CrizanlizumabEdit
Crizanlizumab is a humanized monoclonal antibody that targets P-selectin, a cell-adhesion molecule implicated in the sickle cell disease (SCD) pathophysiology. By binding P-selectin, crizanlizumab aims to interrupt the sticky interactions among activated endothelium, platelets, leukocytes, and sickled red blood cells that can lead to vaso-occlusive crises (VOC). It is marketed under the brand name Adakveo by Novartis and is approved for reducing the frequency of VOC in patients aged 16 years and older with sickle cell disease who experience such crises. Crizanlizumab is administered as an intravenous infusion every four weeks.
Mechanism of action
Crizanlizumab binds to P-selectin, preventing its interaction with PSGL-1 (P-selectin glycoprotein ligand-1) on leukocytes and other circulating cells. This reduces the tethering and rolling of cells to the vascular endothelium, a key step in the formation of occlusive events that underlie VOC. By limiting these adhesion events, crizanlizumab seeks to lower the probability of VOC episodes and the associated pain and hospital utilization that often accompany SCD. For context, the target and related pathways are discussed in entries on P-selectin and vaso-occlusive crisis.
Medical uses
Crizanlizumab is indicated to reduce the frequency of VOC in patients with sickle cell disease aged 16 years and older. It is not a cure for SCD, nor is it a substitute for disease-modifying therapies when those therapies are clinically appropriate. In practice, crizanlizumab is used as part of a broader treatment plan that may include hydroxyurea or other disease-modifying approaches, depending on the individual patient’s history and risk profile. The therapy can be used in patients who are already receiving other standard treatments, reflecting a market-driven emphasis on targeted adjunctive options.
Clinical evidence
The pivotal clinical data come from a randomized, placebo-controlled trial known as the SUSTAIN study. In this trial, crizanlizumab at a higher dose significantly reduced the annual rate of VOC leading to healthcare visits compared with placebo, with patients experiencing a meaningful reduction in crisis events. The 5 mg/kg dose was associated with the most substantial benefit in reducing VOC frequency, contributing to regulatory approval and labeling that supports its use in the specified patient population. Additional follow-up and real-world studies have sought to clarify the durability of benefit, the consistency of effect across diverse patient groups, and how crizanlizumab fits with other sickle cell therapies. Related discussions can be found under entries for SUSTAIN trial and vaso-occlusive crisis.
Safety and adverse effects
As with other monoclonal antibody therapies, crizanlizumab can cause infusion-related reactions and infections, among other potential adverse effects. Commonly reported events in trials and post-marketing experience include headaches, fever, abdominal or back pain, nausea, and infusion reactions. Serious adverse effects require clinical attention and may necessitate interruption or discontinuation of therapy. The safety profile is weighed against the benefit of reducing VOC frequency, particularly in patients with frequent crises.
Dosing and administration
Crizanlizumab is given as an intravenous infusion, typically every four weeks. The dosing and administration are managed by clinicians experienced in treating SCD and tailored to the patient’s weight and clinical status. Infusion times and monitoring for adverse reactions are standard parts of the treatment protocol.
Regulatory status and history
Crizanlizumab received regulatory approval in the United States for reduction of VOC frequency in patients aged 16 years and older with sickle cell disease who experience VOC. It is marketed as Adakveo by Novartis in several markets. The development history traces back to the earlier work of Selexys Pharmaceuticals before the asset was acquired by Novartis, with clinical trials establishing the benefit in high-need VOC reduction. The drug’s regulatory narrative sits alongside other targeted therapies for SCD, such as hydroxyurea and newer gene-based approaches in development.

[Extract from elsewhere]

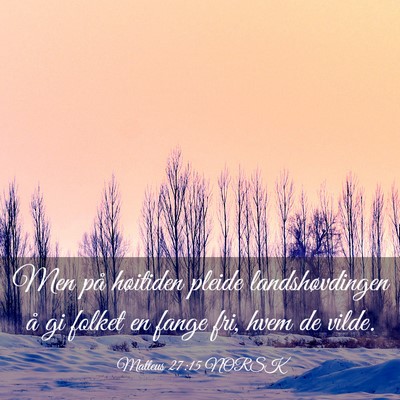Picture 03 - Matteus 27:15 NORSK - Men på høitiden pleide landshøvdingen å gi - Bible Verse Picture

Pricing, access, and policy debates
Crizanlizumab represents a high-cost, targeted therapy aimed at a relatively narrow patient subset—those with frequent VOC despite standard care. In discussions about healthcare spending, proponents emphasize that reducing VOC can lower hospitalizations, emergency visits, and pain burden, potentially offsetting drug costs over time. Critics raise concerns about price, payer access, and whether the magnitude of benefit justifies the expense for all eligible patients. The debate often centers on value-based pricing, patient selection, and the role of payer systems in ensuring access while preserving incentives for pharmaceutical innovation. Supporters argue for enabling patient choice and market-based negotiation, while opponents warn against overreliance on expensive specialty therapies without clear population-wide impact. These debates are reflected in broader conversations about drug pricing and healthcare access for rare or high-need conditions.